We apply advanced analytics to efficiently generate intelligence from various visual data sources using a unique combination of cutting-edge AI and Machine Learning techniques.
Our algorithms are sensor agnostic, so we scale up easily by using data from a wide range of sensors.
Semantic segmentation, or image segmentation, is the task of clustering parts of an image together which belong to the same object class. It is a form of pixel-level prediction because each pixel in an image is classified according to a category.
We manually label items of interest over a training area of less than 1% of the entire site. Then semantic segmentation modules are trained on this data and deployed on the wider site.
VISUAL SEARCH & IMAGE RETREIVAL
In an interactive fashion, the user can select a bounding box around the object of interest (such as tracks, trees, trains etc. and the system identifies and returns all the other semantically similar objects to the user, in real-time.
WHAT MAKES US DIFFERENT?
01 / PRE-PROCESSING
When working with ortho-images, in particular satellite/aerial imagery, one needs to be careful that images are all in correct projection, have similar bands (and the bands are in similar order), images have same pixel resolution, etc.
In the pre-processing stage, we script functions that check the above and make necessary corrections, for example by re-projecting images or rescaling them. GIS tools such as GDAL, and computer vision tools, such as OpenCV, can be used to achieve many image processing tasks efficiently.
02 / DOMAIN TRANSFER
Despite the fact that natural images share underlying statistics, different visual domains have their own distinctive characters. Applying a deep learning model trained on one domain, e.g. landscape, and deploying that model in a new domain such as aerial images, will result in suboptimal performance.
We use ‘self-supervised’ learning techniques (such as “inpainting”) to transfer the pre-trained model from source domain to the target domain.

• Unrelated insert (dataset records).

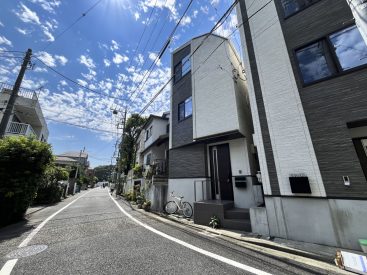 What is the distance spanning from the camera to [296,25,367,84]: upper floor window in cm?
531

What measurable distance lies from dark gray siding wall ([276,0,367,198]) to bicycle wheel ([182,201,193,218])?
610 cm

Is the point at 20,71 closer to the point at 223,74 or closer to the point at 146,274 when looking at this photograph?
the point at 223,74

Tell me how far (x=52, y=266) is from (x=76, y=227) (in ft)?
11.7

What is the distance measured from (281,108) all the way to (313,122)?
3.69 ft

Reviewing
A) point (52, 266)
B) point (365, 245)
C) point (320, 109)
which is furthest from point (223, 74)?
point (52, 266)

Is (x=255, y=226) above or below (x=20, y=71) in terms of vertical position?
below

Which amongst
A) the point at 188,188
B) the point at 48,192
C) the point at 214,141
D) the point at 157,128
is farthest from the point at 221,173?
the point at 48,192

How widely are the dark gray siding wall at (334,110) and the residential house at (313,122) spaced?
0.02 metres

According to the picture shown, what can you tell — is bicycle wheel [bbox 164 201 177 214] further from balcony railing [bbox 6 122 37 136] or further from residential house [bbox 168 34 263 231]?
balcony railing [bbox 6 122 37 136]

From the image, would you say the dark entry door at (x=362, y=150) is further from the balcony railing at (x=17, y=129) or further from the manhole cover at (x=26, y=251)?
the balcony railing at (x=17, y=129)

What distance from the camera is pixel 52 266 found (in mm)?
3535

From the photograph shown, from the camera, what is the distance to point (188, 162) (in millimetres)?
10688

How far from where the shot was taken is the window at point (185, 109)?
11.1 meters

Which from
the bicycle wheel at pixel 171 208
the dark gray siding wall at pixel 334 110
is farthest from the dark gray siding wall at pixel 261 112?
the bicycle wheel at pixel 171 208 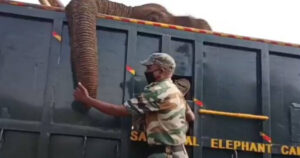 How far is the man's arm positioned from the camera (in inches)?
137

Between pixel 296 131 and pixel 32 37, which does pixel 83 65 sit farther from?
pixel 296 131

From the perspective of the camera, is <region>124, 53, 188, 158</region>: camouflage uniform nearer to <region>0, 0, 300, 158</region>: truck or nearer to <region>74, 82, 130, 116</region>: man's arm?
<region>74, 82, 130, 116</region>: man's arm

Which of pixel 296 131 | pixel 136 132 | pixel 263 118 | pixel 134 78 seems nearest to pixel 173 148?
pixel 136 132

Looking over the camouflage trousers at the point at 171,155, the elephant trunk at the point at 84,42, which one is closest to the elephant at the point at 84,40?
the elephant trunk at the point at 84,42

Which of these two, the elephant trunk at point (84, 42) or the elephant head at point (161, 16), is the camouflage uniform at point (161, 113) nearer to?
the elephant trunk at point (84, 42)

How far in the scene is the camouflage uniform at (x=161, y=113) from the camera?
3.41 meters

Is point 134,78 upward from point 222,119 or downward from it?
upward

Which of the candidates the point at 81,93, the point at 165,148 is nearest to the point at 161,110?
the point at 165,148

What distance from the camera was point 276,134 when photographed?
4.40m

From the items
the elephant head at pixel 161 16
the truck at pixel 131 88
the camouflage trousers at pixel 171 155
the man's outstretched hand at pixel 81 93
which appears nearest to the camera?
the camouflage trousers at pixel 171 155

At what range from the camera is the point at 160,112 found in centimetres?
345

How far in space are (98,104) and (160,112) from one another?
0.46 metres

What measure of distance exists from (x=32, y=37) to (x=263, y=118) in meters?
2.12

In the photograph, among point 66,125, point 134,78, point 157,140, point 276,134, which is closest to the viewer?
point 157,140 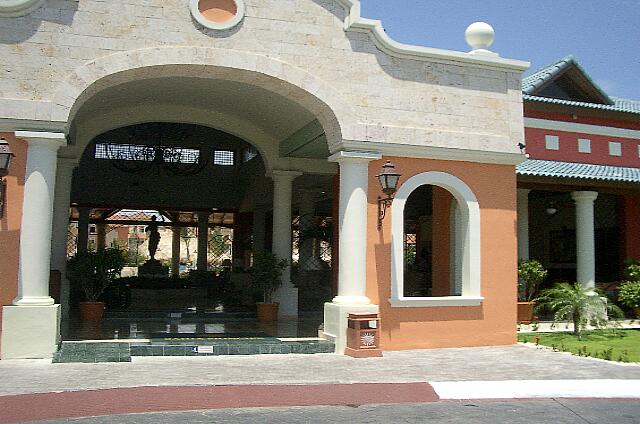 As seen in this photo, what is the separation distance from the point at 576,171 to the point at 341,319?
820 cm

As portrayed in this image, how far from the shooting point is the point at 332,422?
21.9 ft

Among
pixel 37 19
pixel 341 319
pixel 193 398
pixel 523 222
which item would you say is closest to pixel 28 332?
pixel 193 398

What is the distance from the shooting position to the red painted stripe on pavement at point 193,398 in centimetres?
693

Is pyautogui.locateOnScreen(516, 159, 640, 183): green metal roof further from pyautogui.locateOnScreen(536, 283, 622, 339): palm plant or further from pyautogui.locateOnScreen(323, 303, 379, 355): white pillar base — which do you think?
pyautogui.locateOnScreen(323, 303, 379, 355): white pillar base

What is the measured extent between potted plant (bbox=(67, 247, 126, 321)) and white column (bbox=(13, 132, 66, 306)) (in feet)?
11.4

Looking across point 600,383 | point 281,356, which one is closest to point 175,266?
point 281,356

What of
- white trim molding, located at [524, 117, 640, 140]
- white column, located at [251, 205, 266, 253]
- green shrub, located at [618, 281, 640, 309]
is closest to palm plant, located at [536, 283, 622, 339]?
green shrub, located at [618, 281, 640, 309]

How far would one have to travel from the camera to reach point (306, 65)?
11258 mm

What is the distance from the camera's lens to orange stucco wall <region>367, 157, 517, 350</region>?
38.1 feet

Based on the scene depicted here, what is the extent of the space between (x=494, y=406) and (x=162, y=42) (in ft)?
25.3

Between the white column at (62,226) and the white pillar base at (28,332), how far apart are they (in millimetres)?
4266

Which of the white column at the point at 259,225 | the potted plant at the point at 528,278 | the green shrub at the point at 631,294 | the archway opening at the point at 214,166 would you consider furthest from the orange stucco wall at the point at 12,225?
the green shrub at the point at 631,294

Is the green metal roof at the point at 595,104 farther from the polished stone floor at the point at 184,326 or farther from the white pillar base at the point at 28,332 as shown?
the white pillar base at the point at 28,332

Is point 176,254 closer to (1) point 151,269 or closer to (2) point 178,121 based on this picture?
(1) point 151,269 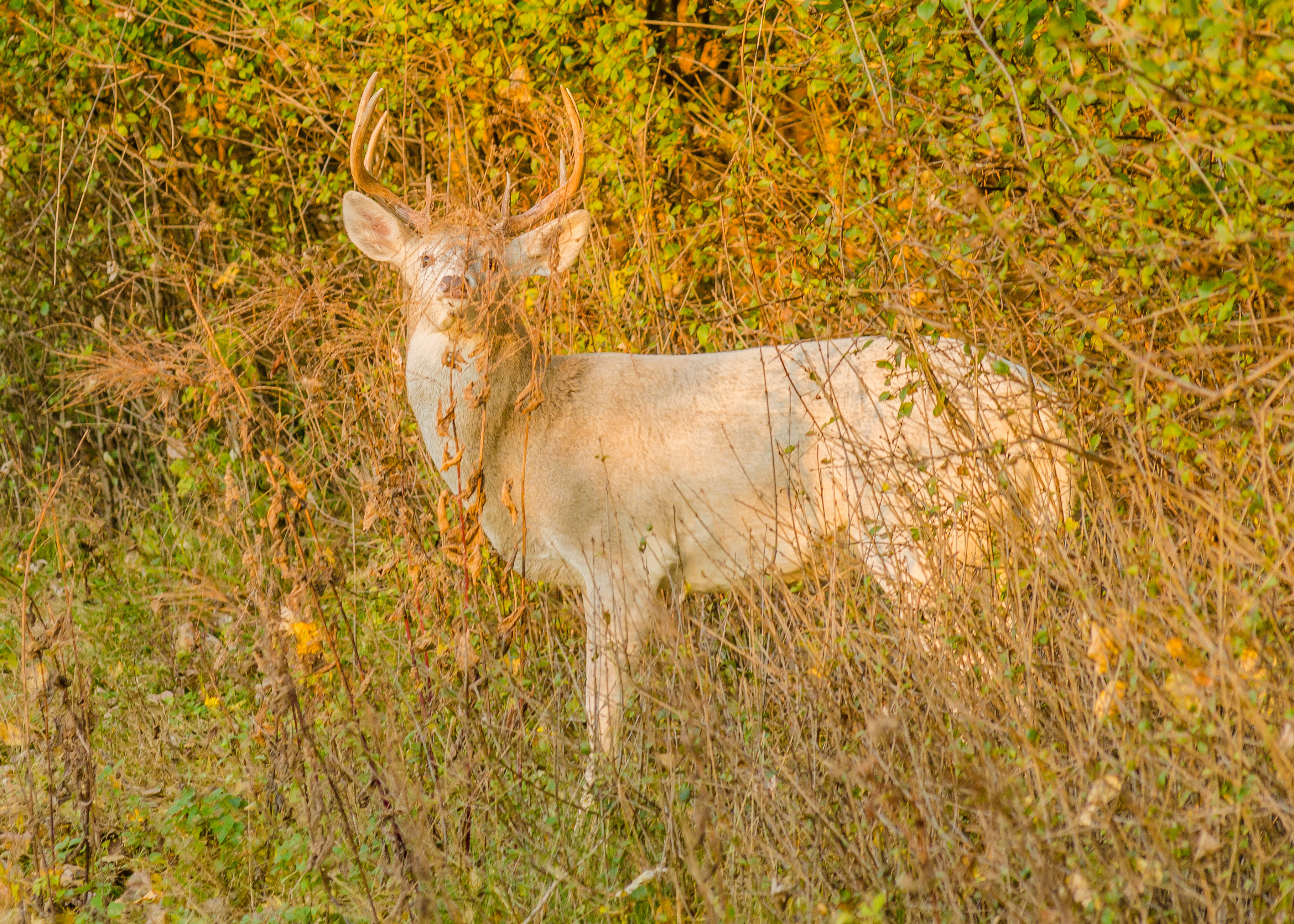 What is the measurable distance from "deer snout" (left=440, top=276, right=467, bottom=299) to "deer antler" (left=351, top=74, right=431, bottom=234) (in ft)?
1.50

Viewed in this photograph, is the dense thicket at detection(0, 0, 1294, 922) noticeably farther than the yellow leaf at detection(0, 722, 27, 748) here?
No

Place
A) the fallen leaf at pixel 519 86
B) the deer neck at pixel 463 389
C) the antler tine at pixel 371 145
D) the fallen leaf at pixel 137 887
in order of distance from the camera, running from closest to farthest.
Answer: the fallen leaf at pixel 137 887 < the deer neck at pixel 463 389 < the antler tine at pixel 371 145 < the fallen leaf at pixel 519 86

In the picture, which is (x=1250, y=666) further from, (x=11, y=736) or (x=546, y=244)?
(x=11, y=736)

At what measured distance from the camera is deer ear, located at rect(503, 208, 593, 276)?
4.57 meters

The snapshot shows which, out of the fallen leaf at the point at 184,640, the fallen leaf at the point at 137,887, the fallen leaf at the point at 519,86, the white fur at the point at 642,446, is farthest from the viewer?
the fallen leaf at the point at 519,86

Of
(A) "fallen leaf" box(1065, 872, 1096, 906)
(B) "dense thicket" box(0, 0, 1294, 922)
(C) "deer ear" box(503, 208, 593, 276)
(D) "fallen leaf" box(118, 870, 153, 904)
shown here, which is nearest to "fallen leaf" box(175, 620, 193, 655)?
(B) "dense thicket" box(0, 0, 1294, 922)

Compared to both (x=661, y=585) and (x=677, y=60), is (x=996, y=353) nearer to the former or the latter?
(x=661, y=585)

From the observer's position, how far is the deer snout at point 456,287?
159 inches

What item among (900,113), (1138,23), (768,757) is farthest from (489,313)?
(1138,23)

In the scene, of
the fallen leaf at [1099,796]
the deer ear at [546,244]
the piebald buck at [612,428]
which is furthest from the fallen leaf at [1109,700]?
the deer ear at [546,244]

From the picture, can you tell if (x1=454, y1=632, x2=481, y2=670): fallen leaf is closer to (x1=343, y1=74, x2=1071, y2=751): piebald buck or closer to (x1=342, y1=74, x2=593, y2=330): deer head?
(x1=343, y1=74, x2=1071, y2=751): piebald buck

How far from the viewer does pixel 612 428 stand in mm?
4516

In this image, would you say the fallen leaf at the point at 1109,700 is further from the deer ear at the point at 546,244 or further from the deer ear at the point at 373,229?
the deer ear at the point at 373,229

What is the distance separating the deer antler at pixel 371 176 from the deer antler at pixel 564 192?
354 millimetres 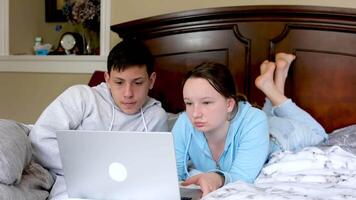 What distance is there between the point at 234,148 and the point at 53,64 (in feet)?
4.71

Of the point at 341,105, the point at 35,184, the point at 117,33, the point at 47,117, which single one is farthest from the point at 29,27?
the point at 341,105

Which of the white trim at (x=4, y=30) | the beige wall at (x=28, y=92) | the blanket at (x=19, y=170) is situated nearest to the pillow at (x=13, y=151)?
the blanket at (x=19, y=170)

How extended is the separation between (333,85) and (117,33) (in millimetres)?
1068

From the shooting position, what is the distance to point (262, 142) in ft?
4.85

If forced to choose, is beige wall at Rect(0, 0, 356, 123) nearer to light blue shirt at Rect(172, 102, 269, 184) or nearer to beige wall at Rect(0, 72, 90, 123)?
beige wall at Rect(0, 72, 90, 123)

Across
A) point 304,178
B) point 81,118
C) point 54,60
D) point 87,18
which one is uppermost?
point 87,18

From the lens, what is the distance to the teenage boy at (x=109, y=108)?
5.07ft

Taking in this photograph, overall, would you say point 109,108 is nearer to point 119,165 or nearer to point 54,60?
point 119,165

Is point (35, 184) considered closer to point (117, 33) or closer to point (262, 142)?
point (262, 142)

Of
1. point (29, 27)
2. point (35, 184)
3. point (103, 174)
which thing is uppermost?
Result: point (29, 27)

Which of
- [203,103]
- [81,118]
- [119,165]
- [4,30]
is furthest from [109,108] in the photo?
[4,30]

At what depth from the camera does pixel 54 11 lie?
296cm

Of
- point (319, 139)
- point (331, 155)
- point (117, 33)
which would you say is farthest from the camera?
point (117, 33)

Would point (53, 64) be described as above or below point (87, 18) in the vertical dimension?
below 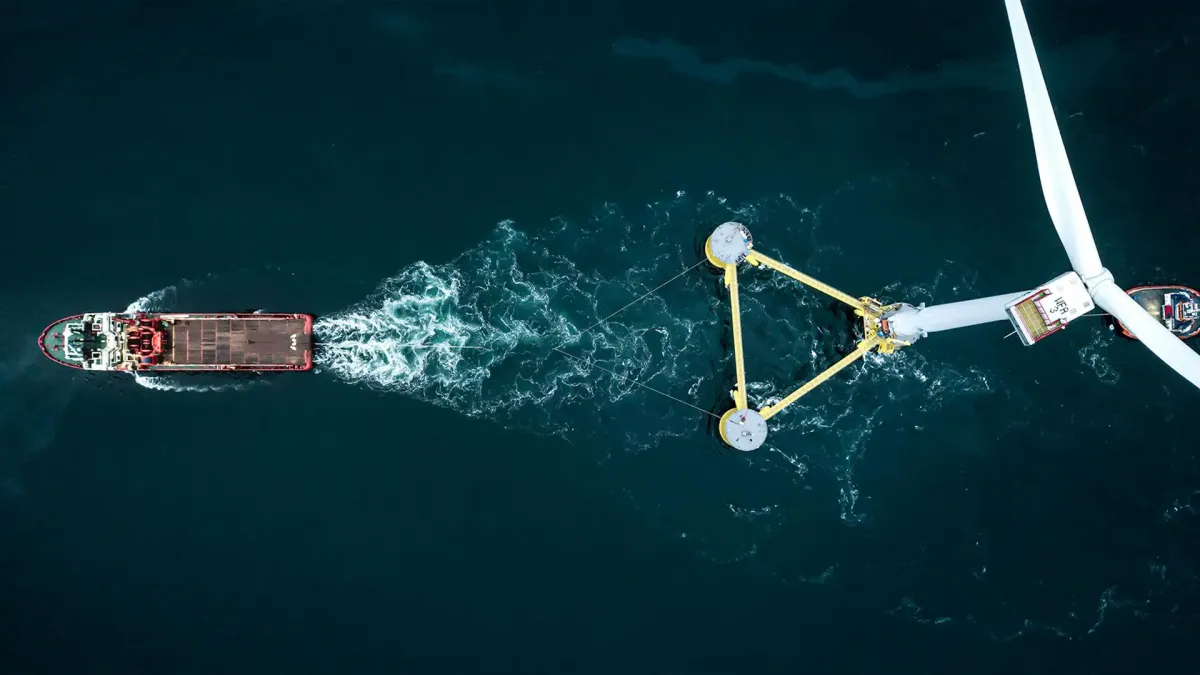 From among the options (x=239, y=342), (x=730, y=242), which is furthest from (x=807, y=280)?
(x=239, y=342)

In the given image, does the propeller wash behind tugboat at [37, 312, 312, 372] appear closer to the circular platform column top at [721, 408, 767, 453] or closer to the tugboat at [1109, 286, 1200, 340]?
the circular platform column top at [721, 408, 767, 453]

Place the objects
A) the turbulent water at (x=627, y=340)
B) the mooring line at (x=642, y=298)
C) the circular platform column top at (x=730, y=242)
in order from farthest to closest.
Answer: the mooring line at (x=642, y=298)
the turbulent water at (x=627, y=340)
the circular platform column top at (x=730, y=242)

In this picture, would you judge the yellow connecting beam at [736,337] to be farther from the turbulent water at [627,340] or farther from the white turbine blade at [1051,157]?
the white turbine blade at [1051,157]

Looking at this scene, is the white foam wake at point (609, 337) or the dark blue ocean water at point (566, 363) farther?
the white foam wake at point (609, 337)

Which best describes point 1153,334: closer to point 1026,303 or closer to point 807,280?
point 1026,303

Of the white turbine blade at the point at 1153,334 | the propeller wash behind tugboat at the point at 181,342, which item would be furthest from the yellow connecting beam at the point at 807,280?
the propeller wash behind tugboat at the point at 181,342

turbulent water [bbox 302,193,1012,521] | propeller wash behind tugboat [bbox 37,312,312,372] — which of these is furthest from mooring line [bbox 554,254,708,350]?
propeller wash behind tugboat [bbox 37,312,312,372] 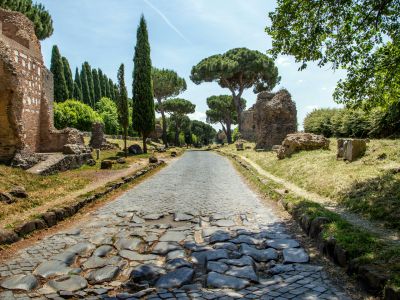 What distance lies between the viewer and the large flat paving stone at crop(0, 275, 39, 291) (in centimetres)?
425

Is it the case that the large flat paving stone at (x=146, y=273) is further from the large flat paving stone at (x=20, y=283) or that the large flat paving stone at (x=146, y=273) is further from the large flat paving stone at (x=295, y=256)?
the large flat paving stone at (x=295, y=256)

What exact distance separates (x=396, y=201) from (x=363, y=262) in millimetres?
3265

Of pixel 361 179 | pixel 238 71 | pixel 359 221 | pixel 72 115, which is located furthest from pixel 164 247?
pixel 238 71

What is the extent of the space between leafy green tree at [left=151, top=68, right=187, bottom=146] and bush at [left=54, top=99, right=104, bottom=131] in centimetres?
970

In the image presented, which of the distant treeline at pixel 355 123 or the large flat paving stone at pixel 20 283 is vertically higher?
the distant treeline at pixel 355 123

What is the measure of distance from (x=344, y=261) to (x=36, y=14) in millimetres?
44447

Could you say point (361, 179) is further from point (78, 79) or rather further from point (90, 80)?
point (90, 80)

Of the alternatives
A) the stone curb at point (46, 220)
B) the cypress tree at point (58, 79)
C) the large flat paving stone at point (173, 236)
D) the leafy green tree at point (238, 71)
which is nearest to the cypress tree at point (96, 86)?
the cypress tree at point (58, 79)

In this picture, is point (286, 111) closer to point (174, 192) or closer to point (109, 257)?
point (174, 192)

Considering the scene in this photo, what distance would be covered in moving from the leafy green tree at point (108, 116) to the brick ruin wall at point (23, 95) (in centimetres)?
3651

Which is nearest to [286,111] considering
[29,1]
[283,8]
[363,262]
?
[283,8]

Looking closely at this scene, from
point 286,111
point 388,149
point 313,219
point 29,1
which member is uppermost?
point 29,1

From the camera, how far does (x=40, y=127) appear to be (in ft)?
54.8

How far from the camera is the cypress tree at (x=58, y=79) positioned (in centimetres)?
4941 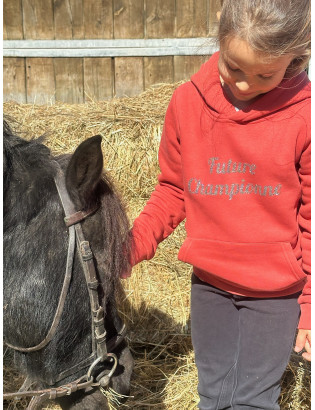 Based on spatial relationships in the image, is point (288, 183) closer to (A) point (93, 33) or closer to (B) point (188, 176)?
(B) point (188, 176)

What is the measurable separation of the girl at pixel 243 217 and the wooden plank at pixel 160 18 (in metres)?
2.97

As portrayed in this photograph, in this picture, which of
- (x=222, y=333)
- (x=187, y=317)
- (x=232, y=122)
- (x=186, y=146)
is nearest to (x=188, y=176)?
(x=186, y=146)

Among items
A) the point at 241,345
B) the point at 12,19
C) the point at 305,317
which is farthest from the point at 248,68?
the point at 12,19

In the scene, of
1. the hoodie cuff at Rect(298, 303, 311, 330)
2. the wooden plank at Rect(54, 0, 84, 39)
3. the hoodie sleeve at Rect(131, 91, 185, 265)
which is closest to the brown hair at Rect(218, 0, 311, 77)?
the hoodie sleeve at Rect(131, 91, 185, 265)

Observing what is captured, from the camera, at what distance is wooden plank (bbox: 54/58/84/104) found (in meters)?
4.77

In this step we use the data itself to guide the operations and there is no need for any human annotation.
03 / TRANSFER LEARNING
Images are very high dimensional signals, and natural images occupy only a small subset (manifold) of this space. Therefore, natural images share a great amount of statistical characteristics.
We employ a deep neural network trained on publicly available datasets, such as ImageNet, and use it as initialisation for our own model. This enables us to train our models using significantly less training data.
04 / FEW-SHOT LEARNING
Instead of labelling all the data in one try, we label only a small fraction of the data, e.g. 1% and train our model. The train model is then run on part/whole of unlabelled data.
This allows us to focus our labelling efforts on areas that the model is struggling with most. Consequently, this simple mechanism leads to faster training and overall requires less human supervision.
05 / BILATERAL FILTERING
Some tasks such as semantic segmentation require pixel-level labelling. Classic computer vision and signal processing methods, such as guided bilateral filters, conditional ransom fields, etc. can help to improve the output of some deep learning models. Whenever appropriate, we employ these techniques to further improve the output of our models.
06 / ITERATIVE INTERACTIVE LABELLING
An intuitive interface is provided to the user to visually observe the outputs/predictions produced by the model. The same interface allows the annotator to annotate the data in areas that the model is generating wrong labels each time providing more supervision to the system.
Our algorithms are sensor agnostic, so we scale up easily by using data from a wide range of sources.
Photogrammetry technology is used to capture 3D laser point scans of assets and buildings.
Both still and video cameras mounted on assets capture imagery that is uploaded to the cloud on a regular basis
Drone are used by asset management organisation to capture aerial data using RGB, lidar and infrared technologies.